上一篇我们通过WireShark抓包获取到了RTSP通信的流程，本篇文章通过代码去分析每个流程的工作原理。
live555的继承关系太过复杂，所以做了个图简单记录一下与h264文件传输相关的类继承关系
在这里插入图片描述

一、OPTION

OPTION比较简单，就是客户端向服务端请求可用的方法。服务端收到客户端发来的OPTION指令后，调用函数handleCmd_OPTIONS进行处理

void RTSPServer::RTSPClientConnection::handleCmd_OPTIONS() {
    
    
  snprintf((char*)fResponseBuffer, sizeof fResponseBuffer,
	   "RTSP/1.0 200 OK\r\nCSeq: %s\r\n%sPublic: %s\r\n\r\n",
	   fCurrentCSeq, dateHeader(), fOurRTSPServer.allowedCommandNames());
}

服务端处理就是按照合适把自己支持的命令发送回客户端。可用看到live555支持的RTSP指令有
OPTIONS, DESCRIBE, SETUP, TEARDOWN, PLAY, PAUSE, GET_PARAMETER, SET_PARAMETER。

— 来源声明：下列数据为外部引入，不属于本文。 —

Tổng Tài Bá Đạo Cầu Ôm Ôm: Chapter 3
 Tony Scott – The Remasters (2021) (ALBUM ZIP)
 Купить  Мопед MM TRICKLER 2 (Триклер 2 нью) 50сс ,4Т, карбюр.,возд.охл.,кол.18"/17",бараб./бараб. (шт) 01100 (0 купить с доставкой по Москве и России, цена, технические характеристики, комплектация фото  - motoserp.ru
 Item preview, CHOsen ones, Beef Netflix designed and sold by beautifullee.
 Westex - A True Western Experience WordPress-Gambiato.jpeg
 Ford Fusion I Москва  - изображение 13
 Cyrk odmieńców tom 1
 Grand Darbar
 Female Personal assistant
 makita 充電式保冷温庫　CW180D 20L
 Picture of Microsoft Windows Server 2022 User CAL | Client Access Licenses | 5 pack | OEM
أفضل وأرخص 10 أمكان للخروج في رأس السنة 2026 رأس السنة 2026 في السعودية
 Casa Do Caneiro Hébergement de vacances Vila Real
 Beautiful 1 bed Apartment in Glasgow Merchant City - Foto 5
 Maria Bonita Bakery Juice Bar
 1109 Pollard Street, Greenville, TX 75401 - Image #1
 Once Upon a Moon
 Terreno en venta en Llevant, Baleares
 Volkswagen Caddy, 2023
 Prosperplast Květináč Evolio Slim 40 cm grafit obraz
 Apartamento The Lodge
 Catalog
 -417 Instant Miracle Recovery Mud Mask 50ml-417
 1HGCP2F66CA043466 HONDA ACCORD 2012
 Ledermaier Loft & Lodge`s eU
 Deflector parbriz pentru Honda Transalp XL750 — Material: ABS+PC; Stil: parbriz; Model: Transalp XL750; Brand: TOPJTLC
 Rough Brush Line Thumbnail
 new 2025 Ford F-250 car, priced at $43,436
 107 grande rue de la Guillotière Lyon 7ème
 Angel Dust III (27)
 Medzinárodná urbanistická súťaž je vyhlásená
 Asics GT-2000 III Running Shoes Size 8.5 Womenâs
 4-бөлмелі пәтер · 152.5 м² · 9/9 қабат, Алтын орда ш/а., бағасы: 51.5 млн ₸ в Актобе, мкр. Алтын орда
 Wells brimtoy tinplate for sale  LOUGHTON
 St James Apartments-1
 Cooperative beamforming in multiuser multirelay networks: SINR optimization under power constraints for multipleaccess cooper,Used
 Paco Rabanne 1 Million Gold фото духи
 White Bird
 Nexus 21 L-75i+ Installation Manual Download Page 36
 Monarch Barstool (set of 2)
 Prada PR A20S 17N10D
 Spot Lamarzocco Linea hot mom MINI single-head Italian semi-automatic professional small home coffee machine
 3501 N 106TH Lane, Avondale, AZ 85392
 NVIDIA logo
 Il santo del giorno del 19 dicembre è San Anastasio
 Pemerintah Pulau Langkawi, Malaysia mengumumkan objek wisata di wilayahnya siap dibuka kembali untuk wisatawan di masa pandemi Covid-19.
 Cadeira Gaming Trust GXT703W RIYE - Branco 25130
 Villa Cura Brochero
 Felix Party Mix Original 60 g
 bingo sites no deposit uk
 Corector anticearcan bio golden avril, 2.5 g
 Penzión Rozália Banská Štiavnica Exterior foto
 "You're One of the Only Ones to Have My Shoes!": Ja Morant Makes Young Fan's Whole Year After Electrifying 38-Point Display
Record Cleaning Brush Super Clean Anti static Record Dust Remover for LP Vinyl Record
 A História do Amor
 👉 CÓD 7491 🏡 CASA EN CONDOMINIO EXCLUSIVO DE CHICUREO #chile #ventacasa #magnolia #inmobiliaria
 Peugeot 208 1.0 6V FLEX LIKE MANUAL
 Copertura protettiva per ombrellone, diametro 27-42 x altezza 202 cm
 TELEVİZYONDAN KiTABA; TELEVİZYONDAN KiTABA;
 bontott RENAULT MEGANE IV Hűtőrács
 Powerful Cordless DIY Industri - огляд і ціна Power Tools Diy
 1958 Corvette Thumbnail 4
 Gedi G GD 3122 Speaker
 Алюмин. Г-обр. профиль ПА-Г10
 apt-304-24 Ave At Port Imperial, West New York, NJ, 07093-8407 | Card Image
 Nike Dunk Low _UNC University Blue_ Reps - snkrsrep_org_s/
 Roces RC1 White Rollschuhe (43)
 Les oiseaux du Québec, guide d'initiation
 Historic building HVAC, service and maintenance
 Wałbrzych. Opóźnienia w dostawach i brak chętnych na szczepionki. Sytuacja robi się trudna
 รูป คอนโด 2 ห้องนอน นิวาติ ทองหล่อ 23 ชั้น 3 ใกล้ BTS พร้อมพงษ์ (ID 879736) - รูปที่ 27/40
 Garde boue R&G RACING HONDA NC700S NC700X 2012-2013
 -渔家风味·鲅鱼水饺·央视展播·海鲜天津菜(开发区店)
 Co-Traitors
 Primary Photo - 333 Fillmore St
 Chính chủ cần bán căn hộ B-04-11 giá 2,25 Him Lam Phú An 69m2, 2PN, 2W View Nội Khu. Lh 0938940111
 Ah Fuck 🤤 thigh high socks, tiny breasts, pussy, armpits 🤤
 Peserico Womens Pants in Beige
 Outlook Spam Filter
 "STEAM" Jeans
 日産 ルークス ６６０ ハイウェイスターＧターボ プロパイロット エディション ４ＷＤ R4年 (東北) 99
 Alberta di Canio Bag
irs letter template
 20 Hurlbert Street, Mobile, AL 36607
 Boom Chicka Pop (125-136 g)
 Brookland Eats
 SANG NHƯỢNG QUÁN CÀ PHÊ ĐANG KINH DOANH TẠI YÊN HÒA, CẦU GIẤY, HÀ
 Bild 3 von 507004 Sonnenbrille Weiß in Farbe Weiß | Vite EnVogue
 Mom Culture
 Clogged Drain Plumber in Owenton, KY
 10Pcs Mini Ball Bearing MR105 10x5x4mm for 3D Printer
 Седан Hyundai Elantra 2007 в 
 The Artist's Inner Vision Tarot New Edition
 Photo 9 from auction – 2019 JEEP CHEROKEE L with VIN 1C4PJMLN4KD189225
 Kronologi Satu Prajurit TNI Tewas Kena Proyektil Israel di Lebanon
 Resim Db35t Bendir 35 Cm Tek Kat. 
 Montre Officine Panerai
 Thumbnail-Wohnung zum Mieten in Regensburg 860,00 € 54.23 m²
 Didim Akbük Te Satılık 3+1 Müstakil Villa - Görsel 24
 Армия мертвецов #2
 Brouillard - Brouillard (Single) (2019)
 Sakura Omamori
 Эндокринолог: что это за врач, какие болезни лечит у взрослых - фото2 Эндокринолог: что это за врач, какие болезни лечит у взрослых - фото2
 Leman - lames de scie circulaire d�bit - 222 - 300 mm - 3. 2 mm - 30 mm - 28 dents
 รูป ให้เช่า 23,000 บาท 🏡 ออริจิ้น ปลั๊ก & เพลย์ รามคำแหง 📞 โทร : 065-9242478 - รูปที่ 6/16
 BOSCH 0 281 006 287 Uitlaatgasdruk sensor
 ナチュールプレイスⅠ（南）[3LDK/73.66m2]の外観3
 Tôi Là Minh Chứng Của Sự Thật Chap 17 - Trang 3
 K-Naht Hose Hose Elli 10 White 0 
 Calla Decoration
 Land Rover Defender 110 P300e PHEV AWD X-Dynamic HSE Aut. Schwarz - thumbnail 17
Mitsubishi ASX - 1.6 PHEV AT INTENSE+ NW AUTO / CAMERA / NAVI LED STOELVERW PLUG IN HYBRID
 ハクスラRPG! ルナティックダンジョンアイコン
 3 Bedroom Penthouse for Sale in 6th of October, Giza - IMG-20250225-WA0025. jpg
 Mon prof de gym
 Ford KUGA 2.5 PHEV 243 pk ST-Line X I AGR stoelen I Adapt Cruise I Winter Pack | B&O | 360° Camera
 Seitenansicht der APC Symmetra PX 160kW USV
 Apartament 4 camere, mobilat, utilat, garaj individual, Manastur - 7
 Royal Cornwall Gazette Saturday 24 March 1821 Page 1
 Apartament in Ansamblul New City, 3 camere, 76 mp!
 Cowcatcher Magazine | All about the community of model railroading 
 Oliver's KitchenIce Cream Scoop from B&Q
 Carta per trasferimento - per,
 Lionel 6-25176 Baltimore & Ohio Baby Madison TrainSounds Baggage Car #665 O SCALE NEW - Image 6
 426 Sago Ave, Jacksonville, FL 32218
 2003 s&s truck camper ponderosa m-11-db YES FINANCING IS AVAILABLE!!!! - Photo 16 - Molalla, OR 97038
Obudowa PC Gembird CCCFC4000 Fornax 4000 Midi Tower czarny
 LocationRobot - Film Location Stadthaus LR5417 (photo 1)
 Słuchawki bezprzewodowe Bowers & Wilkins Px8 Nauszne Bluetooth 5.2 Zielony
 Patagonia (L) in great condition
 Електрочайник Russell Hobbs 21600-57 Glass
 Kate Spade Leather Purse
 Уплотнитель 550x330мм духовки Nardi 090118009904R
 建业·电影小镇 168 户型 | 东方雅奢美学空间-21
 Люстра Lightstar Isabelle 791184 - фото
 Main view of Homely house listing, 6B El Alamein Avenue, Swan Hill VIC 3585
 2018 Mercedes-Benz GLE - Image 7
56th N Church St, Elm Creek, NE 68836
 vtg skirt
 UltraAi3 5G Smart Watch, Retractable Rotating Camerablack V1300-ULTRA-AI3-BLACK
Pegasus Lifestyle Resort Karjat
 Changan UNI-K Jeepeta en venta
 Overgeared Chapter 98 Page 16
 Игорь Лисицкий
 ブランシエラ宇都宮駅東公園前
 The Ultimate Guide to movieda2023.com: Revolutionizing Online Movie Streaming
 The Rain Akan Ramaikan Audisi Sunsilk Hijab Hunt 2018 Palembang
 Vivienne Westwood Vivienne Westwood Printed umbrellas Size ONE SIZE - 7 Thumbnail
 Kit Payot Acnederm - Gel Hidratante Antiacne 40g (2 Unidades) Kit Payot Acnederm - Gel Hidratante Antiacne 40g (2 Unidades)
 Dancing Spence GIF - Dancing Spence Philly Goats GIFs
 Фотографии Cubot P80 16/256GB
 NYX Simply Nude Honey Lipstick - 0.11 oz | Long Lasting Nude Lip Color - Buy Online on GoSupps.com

char const* RTSPServer::allowedCommandNames() {
    
    
  return "OPTIONS, DESCRIBE, SETUP, TEARDOWN, PLAY, PAUSE, GET_PARAMETER, SET_PARAMETER";
}

二、DESCRIBE

live555很多类的关键变量命名是一样的，所以做了个图简单记录下在模拟h264RTP时的关键变量的实际类型。后面分析代码时觉得乱时可以回头看看这张图。
在这里插入图片描述

DESCRIBE的过程是客户端向服务端请求媒体描述文件，服务端向客户端回复sdp信息。

1.处理DESCRIBE命令

void RTSPServer::RTSPClientConnection
::handleCmd_DESCRIBE(char const* urlPreSuffix, char const* urlSuffix, char const* fullRequestStr) {
    
    
  char urlTotalSuffix[2*RTSP_PARAM_STRING_MAX];
      // enough space for urlPreSuffix/urlSuffix'\0'
  urlTotalSuffix[0] = '\0';
  if (urlPreSuffix[0] != '\0') {
    
    
    strcat(urlTotalSuffix, urlPreSuffix);
    strcat(urlTotalSuffix, "/");
  }
  strcat(urlTotalSuffix, urlSuffix);
    
  if (!authenticationOK("DESCRIBE", urlTotalSuffix, fullRequestStr)) return;
    
  // We should really check that the request contains an "Accept:" #####
  // for "application/sdp", because that's what we're sending back #####
    
  // Begin by looking up the "ServerMediaSession" object for the specified "urlTotalSuffix":
  fOurServer.lookupServerMediaSession(urlTotalSuffix, DESCRIBELookupCompletionFunction, this);
}

可以看到，服务端的handleCmd_DESCRIBE函数。首先是通过urlTotalSuffix找到对应的MediaSession，找到后调用ESCRIBELookupCompletionFunction函数。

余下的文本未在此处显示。